[Exercise data — start]

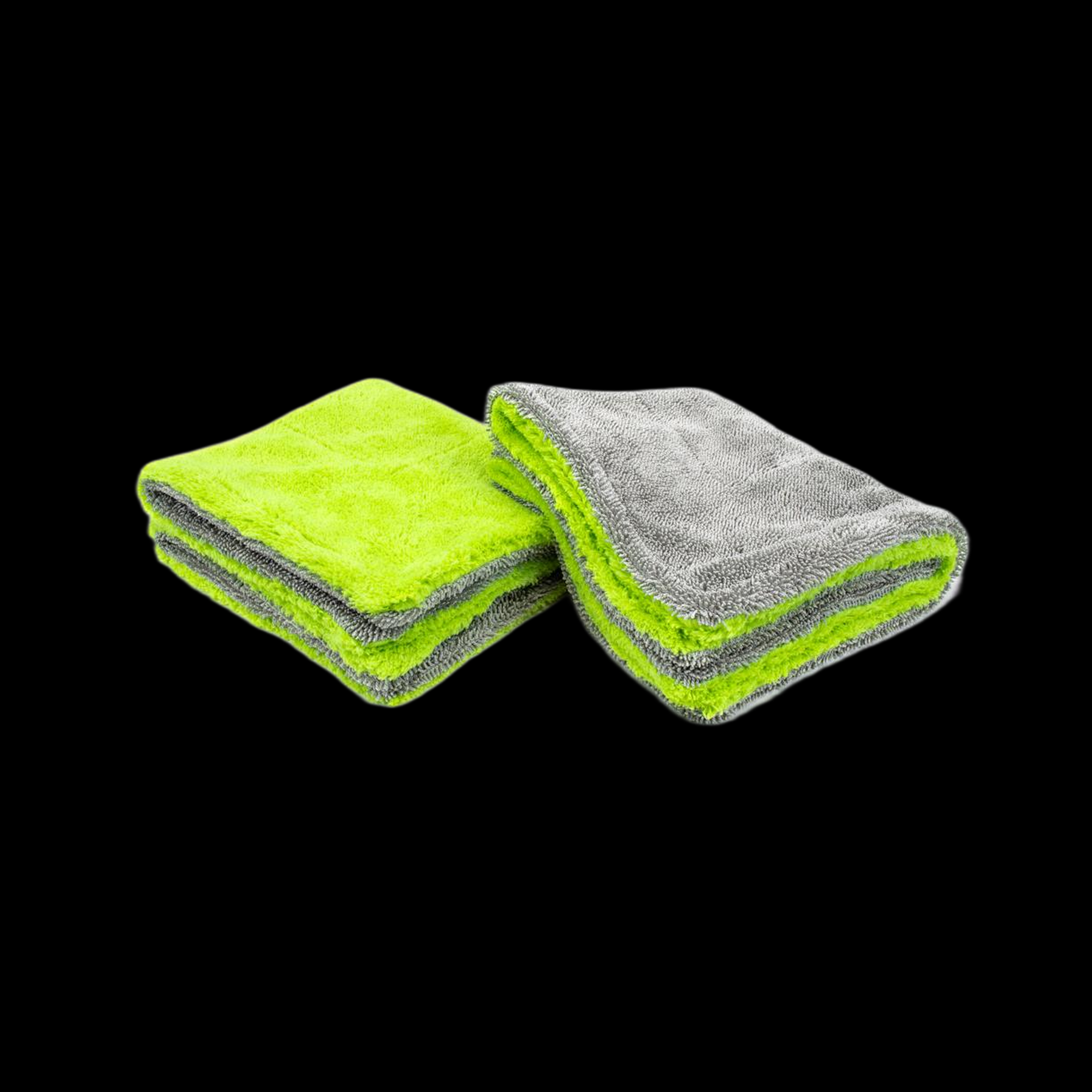 Autofiber [Amphibian Jr.] Microfiber Drying Towel (16 in. x 16 in., 1100gsm) - 2 pack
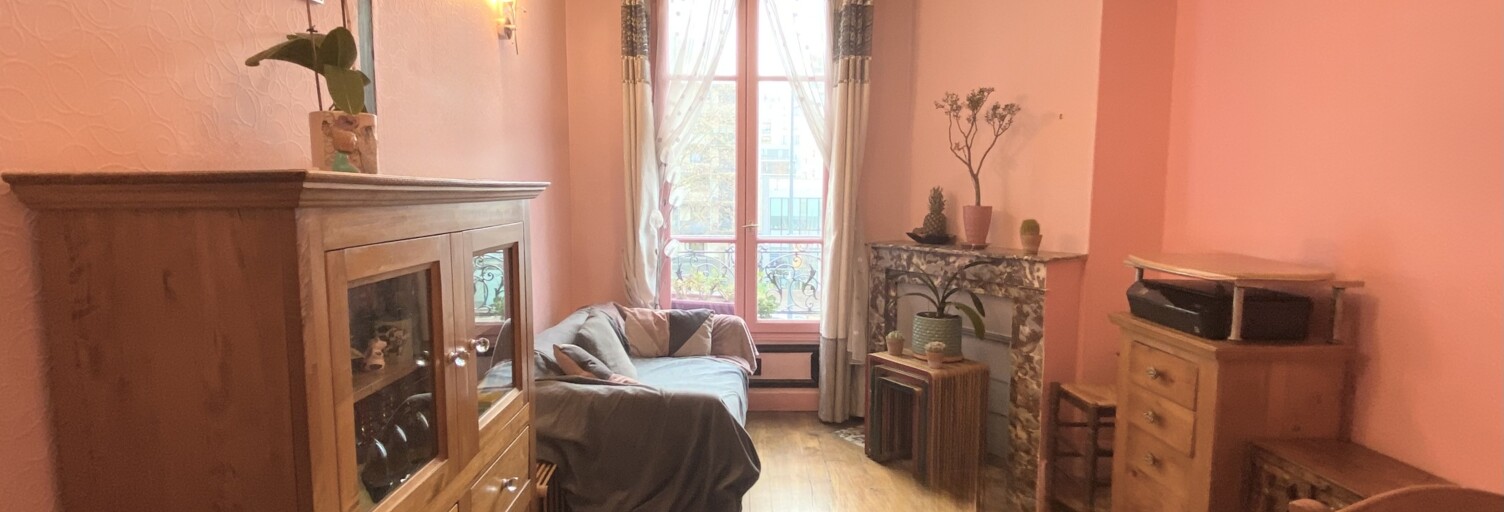 Appartement 2 Pièces 32 m² à vendre à Clichy (92110)
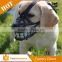 Adjustable Pet Muzzle Mask Breathable Mesh Dog Muzzle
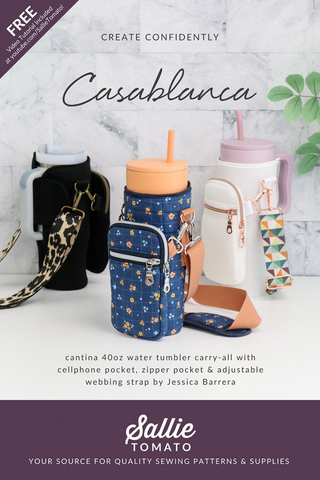 CASABLANCA  SALLIE TOMATO PATTERN
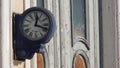 Old Station Clock Royalty Free Stock Photo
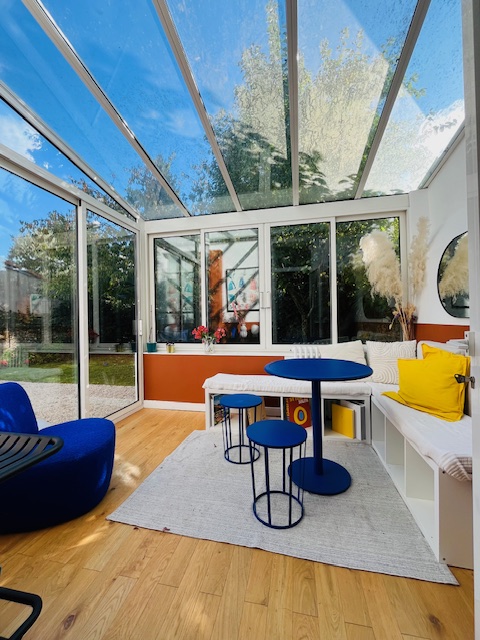 Maison  rénovée, avec jardin clos de 200m²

[Exercise data — finish]

▶ [Task details] Write out word for word every line from the line with "Adjustable Pet Muzzle" through the final line of the records, both included, skipping the pictures.

▶ [Response area]
 Adjustable Pet Muzzle Mask Breathable Mesh Dog Muzzle
 CASABLANCA  SALLIE TOMATO PATTERN
 Old Station Clock Royalty Free Stock Photo
 Maison  rénovée, avec jardin clos de 200m²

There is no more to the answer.